I think I'll just put a post on the thread for now to say that we are currently having a think    

Jayne x


----------



## Jayne (Jan 26, 2003)

The thing is also, if you charter members are concerned about donations going to assisted conception as opposed to infertility support, then what about the single ladies we have on the site who are ttc using a donor.  

We must be careful not to say that sexuality is the issue here.  If we say that all these women need to do is go sleep with a man to become pg, then that's dangerous ground, because ultimately a heterosexual woman who has no fertility problems, but whose partner has azoospermia (with sperm not even retrievable on an SSR) most likely only needs to go have sex at the right time of the month with a male who has a full healthy sperm count to conceive.  So are we saying that those heterosexual women on the site who are using donor sperm are having assisted conception or infertility support?  

It's a complicated issue to be politically correct with.  Possibly one reason why I suggested initially just leaving the thread as it is for now and seeing how it goes    Easy option, but not necessarily the best.  
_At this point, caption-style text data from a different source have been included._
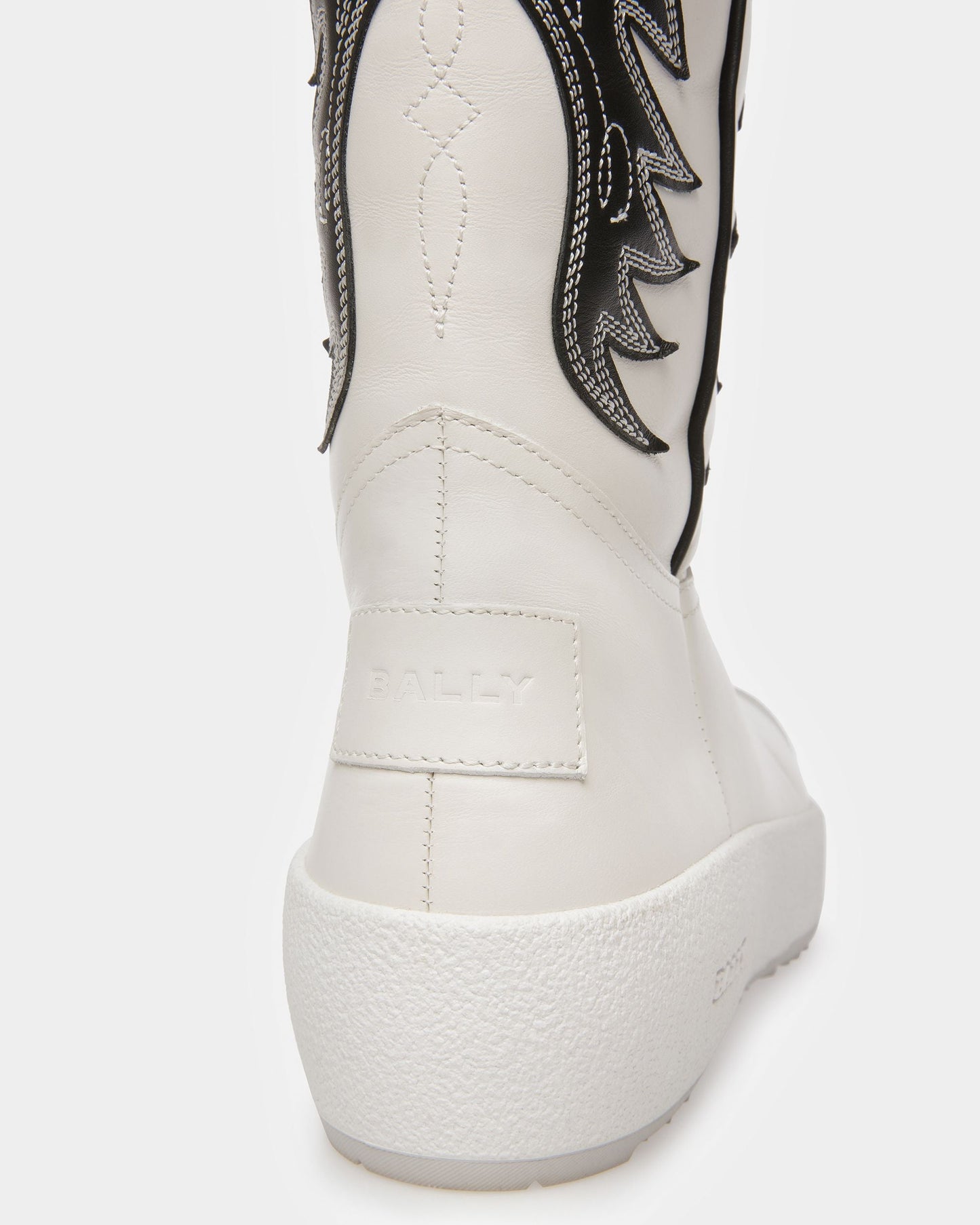 Chambery Leather Long Boots In White & Black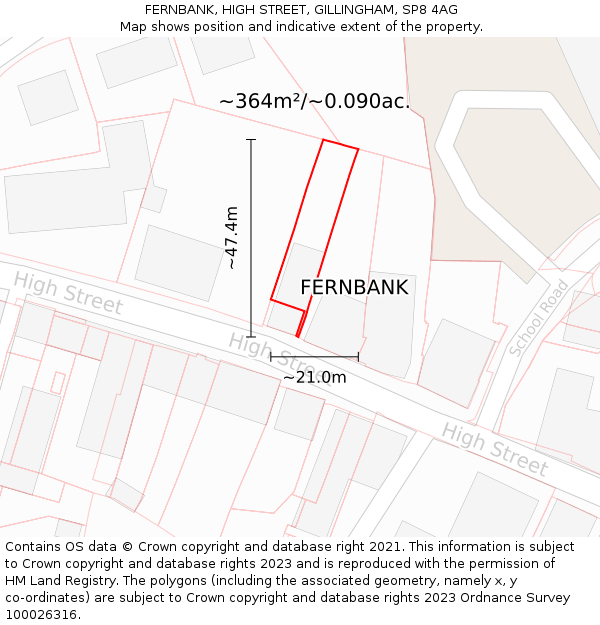 FERNBANK, HIGH STREET, GILLINGHAM, SP8 4AG: Plot and title map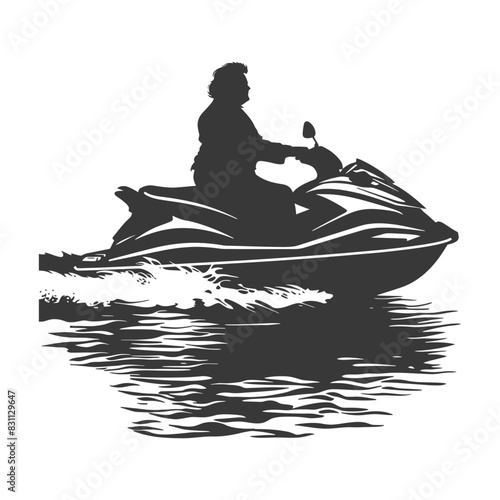 Silhouette of a woman on a jet ski, vector illustration.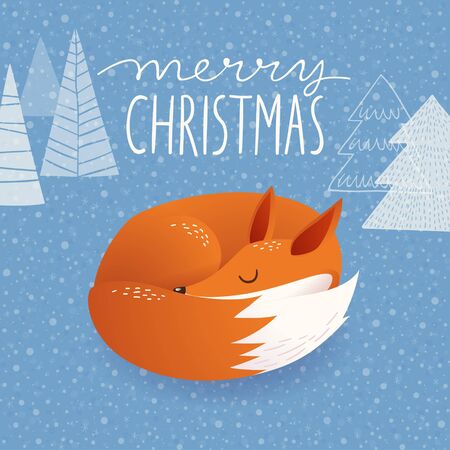 Christmas vector greeting card with cartoon sleeping foxのイラスト素材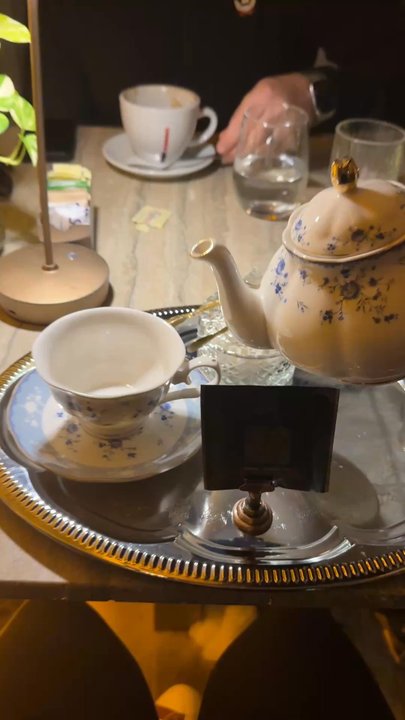 Donatella Restaurant - Mint tea setup and poured! - Italian Near Me - Miami Beach, Florida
Obviously needs more thought and not sure there is a perfect answer, but hopefully we can get something that is a happy medium for all.  

Jayne x


----------



## Anthony Reid (Jan 1, 2002)

Any further thoughts on this?

Tony,
x


----------



## Jayne (Jan 26, 2003)

I honestly don't know what to suggest for the best on this one, but I think it is a question we will be asked again soon, and we need to have some sort of answer.  

I don't see the harm in creating a lesbian/gay board.  I don't think it would become over run, but if it did, then it's a separate board anyway, and people can choose not to read it if they don't like it.  

Personally though, I don't think there's a need for this at the moment.  Not really sure why they need to be more visible anyway.  I don't feel their need is any greater than anyone elses, and surely anyone visiting the site who is lesbian and using donor sperm would find the thread now easily enough.  It wasn't so easy to find something a while ago as it wasn't there, but new members will see it now.  

Maybe I could just reply to Mabel's IM and say that we feel the thread is now visible on the donor board and that members will see it when they come to the site as they would naturally be drawn to the donor thread, and for the time being feel that the thread sits well within the donor board so will be leaving things as they are.  (Will word that a bit better though if we decide to go with that).  

Jayne x


----------